* [About this task] Transcribe only the lines between the first line of the records and the line containing "Photo of Recycling.", inclusive, exactly as written.

* [Dataset excerpts]
* * * * *

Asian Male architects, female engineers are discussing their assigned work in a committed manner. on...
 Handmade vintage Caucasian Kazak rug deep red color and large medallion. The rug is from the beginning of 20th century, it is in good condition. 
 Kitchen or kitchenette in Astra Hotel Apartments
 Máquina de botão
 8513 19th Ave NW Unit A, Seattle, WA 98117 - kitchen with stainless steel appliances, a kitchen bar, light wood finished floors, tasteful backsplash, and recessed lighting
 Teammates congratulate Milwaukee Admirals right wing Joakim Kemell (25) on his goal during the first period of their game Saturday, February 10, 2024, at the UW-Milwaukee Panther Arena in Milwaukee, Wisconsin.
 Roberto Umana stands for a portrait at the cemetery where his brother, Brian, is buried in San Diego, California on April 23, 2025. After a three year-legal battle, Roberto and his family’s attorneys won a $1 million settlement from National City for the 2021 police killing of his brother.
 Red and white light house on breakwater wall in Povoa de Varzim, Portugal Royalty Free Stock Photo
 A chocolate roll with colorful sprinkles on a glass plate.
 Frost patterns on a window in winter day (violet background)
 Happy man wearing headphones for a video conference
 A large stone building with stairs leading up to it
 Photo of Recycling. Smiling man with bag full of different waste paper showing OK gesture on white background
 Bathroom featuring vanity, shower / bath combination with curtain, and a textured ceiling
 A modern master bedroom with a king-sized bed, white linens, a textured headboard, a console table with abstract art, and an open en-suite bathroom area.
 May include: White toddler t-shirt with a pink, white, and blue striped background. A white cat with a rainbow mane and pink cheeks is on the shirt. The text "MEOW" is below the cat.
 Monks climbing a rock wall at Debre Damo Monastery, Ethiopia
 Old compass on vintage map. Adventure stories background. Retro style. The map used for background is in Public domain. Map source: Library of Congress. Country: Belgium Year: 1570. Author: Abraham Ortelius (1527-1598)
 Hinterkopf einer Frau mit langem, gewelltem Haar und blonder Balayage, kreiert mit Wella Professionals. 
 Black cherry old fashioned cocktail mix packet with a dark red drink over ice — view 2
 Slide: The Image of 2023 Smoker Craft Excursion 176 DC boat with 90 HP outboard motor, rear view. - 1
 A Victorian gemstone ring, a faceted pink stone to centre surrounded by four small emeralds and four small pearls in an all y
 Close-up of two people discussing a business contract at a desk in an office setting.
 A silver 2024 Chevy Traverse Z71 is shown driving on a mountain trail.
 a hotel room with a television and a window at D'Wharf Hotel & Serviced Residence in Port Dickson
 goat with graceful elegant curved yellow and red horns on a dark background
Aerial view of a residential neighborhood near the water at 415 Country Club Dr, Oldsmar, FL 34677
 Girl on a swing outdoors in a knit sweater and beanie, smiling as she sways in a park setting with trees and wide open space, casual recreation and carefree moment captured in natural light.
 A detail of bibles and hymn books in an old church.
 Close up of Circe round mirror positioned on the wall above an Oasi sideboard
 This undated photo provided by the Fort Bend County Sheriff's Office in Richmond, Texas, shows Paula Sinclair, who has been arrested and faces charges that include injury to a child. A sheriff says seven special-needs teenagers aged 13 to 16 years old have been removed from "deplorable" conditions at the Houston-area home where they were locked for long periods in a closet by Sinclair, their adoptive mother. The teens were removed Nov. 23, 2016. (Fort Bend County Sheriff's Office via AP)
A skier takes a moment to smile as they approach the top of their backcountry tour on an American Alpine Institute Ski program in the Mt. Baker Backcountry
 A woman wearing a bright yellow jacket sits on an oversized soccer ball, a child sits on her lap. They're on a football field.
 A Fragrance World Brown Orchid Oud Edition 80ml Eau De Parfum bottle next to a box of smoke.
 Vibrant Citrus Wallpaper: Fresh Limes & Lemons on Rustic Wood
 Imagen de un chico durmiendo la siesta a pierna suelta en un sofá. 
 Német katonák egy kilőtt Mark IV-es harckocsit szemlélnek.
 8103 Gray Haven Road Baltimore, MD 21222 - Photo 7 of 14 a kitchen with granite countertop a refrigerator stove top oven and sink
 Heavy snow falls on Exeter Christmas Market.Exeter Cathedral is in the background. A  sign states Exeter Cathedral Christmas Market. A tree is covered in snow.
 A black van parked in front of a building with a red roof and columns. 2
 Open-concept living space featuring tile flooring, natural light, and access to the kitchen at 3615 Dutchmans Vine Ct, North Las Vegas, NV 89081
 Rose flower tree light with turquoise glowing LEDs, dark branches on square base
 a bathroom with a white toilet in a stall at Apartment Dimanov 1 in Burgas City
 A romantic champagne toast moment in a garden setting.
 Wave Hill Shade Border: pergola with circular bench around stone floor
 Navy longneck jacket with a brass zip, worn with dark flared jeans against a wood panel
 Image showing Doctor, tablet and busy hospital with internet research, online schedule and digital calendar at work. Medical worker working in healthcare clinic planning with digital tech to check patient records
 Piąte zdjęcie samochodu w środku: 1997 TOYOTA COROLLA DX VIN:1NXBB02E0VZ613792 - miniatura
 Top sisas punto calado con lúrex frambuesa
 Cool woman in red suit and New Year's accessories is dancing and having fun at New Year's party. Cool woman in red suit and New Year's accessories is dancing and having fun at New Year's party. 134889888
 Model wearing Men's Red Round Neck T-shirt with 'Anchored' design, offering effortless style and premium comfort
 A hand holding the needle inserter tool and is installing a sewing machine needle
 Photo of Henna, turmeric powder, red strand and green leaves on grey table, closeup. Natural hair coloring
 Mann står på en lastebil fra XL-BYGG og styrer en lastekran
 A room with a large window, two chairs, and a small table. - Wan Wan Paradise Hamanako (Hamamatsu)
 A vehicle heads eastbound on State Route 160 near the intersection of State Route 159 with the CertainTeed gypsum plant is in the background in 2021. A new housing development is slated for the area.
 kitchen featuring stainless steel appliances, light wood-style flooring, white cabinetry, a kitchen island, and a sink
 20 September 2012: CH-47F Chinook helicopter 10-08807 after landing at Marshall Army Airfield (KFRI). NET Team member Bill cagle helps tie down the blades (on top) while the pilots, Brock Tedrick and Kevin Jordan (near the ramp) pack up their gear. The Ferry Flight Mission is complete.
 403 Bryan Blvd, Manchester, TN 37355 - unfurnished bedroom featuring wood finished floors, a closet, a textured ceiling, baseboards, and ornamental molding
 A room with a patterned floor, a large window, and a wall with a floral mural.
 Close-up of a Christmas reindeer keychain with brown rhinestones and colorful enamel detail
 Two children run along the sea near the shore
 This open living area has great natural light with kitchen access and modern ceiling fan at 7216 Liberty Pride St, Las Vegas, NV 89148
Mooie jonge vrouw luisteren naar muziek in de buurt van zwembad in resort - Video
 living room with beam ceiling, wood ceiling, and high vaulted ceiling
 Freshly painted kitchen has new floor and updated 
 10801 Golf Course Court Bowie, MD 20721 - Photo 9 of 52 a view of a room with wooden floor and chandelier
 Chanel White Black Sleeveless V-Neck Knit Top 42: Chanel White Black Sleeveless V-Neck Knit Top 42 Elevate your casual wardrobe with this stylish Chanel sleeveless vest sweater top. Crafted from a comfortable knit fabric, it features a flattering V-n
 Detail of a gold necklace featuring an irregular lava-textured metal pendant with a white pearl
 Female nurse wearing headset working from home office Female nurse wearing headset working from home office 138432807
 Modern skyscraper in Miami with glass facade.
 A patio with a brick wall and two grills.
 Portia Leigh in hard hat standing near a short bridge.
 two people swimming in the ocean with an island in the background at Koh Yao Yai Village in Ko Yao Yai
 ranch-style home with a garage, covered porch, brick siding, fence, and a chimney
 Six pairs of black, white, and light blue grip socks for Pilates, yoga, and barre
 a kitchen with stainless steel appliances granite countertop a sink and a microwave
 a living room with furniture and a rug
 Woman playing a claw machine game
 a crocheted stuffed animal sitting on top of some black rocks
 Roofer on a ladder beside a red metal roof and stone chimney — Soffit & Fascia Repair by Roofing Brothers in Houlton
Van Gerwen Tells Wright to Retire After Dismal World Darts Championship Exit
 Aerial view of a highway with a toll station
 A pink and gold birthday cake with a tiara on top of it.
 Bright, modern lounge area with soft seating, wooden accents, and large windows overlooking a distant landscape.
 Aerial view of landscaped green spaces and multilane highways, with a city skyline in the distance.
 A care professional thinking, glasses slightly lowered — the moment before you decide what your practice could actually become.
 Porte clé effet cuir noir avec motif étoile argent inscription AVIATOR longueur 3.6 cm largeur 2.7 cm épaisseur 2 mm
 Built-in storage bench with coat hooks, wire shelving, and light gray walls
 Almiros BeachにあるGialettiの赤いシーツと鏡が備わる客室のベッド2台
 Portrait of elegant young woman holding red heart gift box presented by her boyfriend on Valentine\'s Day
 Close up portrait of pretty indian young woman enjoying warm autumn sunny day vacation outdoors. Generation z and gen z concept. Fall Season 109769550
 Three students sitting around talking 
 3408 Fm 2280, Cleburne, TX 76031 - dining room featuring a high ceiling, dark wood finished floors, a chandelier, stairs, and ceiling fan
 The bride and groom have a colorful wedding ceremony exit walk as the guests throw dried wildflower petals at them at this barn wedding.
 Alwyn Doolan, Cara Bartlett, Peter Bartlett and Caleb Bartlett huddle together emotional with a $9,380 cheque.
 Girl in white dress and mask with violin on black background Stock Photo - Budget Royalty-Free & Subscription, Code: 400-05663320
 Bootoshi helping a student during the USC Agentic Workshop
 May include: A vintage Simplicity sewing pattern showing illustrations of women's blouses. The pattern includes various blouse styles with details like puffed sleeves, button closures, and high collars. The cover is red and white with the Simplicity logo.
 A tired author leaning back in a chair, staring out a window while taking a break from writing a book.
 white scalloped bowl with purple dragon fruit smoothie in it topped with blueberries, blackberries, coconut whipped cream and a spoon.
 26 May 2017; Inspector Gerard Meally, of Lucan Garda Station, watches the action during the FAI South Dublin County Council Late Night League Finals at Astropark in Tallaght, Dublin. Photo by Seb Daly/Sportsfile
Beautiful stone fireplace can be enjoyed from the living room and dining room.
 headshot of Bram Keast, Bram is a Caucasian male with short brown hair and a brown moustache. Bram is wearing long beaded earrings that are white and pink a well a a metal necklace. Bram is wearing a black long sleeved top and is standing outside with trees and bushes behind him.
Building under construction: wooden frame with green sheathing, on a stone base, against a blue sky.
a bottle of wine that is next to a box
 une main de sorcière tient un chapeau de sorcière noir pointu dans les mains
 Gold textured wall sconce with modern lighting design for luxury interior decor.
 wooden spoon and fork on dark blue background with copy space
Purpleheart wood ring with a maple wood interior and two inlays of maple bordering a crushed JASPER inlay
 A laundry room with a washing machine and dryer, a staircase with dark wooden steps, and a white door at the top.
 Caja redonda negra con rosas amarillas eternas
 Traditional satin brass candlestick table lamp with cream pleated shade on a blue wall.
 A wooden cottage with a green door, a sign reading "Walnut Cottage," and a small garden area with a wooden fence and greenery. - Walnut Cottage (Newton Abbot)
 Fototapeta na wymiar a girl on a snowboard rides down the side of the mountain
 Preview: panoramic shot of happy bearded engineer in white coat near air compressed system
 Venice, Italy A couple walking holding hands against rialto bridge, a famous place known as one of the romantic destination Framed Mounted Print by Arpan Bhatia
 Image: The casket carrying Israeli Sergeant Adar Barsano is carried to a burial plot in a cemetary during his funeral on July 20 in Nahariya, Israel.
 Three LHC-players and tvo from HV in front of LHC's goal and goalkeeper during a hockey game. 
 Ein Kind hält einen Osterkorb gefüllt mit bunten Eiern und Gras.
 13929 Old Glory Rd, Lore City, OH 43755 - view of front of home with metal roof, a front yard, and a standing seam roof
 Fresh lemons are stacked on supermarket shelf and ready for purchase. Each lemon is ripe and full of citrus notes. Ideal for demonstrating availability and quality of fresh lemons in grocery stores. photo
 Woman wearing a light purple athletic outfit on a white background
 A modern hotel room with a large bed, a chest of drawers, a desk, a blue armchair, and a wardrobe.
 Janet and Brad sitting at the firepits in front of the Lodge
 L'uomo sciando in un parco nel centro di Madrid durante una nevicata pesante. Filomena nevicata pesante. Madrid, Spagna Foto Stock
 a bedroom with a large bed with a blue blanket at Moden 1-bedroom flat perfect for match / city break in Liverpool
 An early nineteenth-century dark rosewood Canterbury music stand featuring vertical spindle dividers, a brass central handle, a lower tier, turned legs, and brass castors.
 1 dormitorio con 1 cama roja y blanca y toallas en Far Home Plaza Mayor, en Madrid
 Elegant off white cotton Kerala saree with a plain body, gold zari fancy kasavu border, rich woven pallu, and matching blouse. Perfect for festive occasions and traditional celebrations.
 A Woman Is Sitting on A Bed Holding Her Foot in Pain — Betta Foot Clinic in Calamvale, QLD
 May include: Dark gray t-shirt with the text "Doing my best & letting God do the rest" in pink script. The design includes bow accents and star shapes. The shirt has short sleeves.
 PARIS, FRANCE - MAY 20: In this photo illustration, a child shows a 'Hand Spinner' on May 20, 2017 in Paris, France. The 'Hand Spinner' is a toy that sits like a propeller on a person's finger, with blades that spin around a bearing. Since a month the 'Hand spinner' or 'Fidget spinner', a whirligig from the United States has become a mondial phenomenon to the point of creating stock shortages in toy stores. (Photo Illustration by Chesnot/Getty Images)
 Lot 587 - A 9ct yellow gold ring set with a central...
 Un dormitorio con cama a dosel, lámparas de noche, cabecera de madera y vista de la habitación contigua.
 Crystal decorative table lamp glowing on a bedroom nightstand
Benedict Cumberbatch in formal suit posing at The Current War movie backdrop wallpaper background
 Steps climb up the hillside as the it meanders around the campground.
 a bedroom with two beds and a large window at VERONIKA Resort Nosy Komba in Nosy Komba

* * * * *

* [Response to the exercise]
Asian Male architects, female engineers are discussing their assigned work in a committed manner. on...
 Handmade vintage Caucasian Kazak rug deep red color and large medallion. The rug is from the beginning of 20th century, it is in good condition. 
 Kitchen or kitchenette in Astra Hotel Apartments
 Máquina de botão
 8513 19th Ave NW Unit A, Seattle, WA 98117 - kitchen with stainless steel appliances, a kitchen bar, light wood finished floors, tasteful backsplash, and recessed lighting
 Teammates congratulate Milwaukee Admirals right wing Joakim Kemell (25) on his goal during the first period of their game Saturday, February 10, 2024, at the UW-Milwaukee Panther Arena in Milwaukee, Wisconsin.
 Roberto Umana stands for a portrait at the cemetery where his brother, Brian, is buried in San Diego, California on April 23, 2025. After a three year-legal battle, Roberto and his family’s attorneys won a $1 million settlement from National City for the 2021 police killing of his brother.
 Red and white light house on breakwater wall in Povoa de Varzim, Portugal Royalty Free Stock Photo
 A chocolate roll with colorful sprinkles on a glass plate.
 Frost patterns on a window in winter day (violet background)
 Happy man wearing headphones for a video conference
 A large stone building with stairs leading up to it
 Photo of Recycling. Smiling man with bag full of different waste paper showing OK gesture on white background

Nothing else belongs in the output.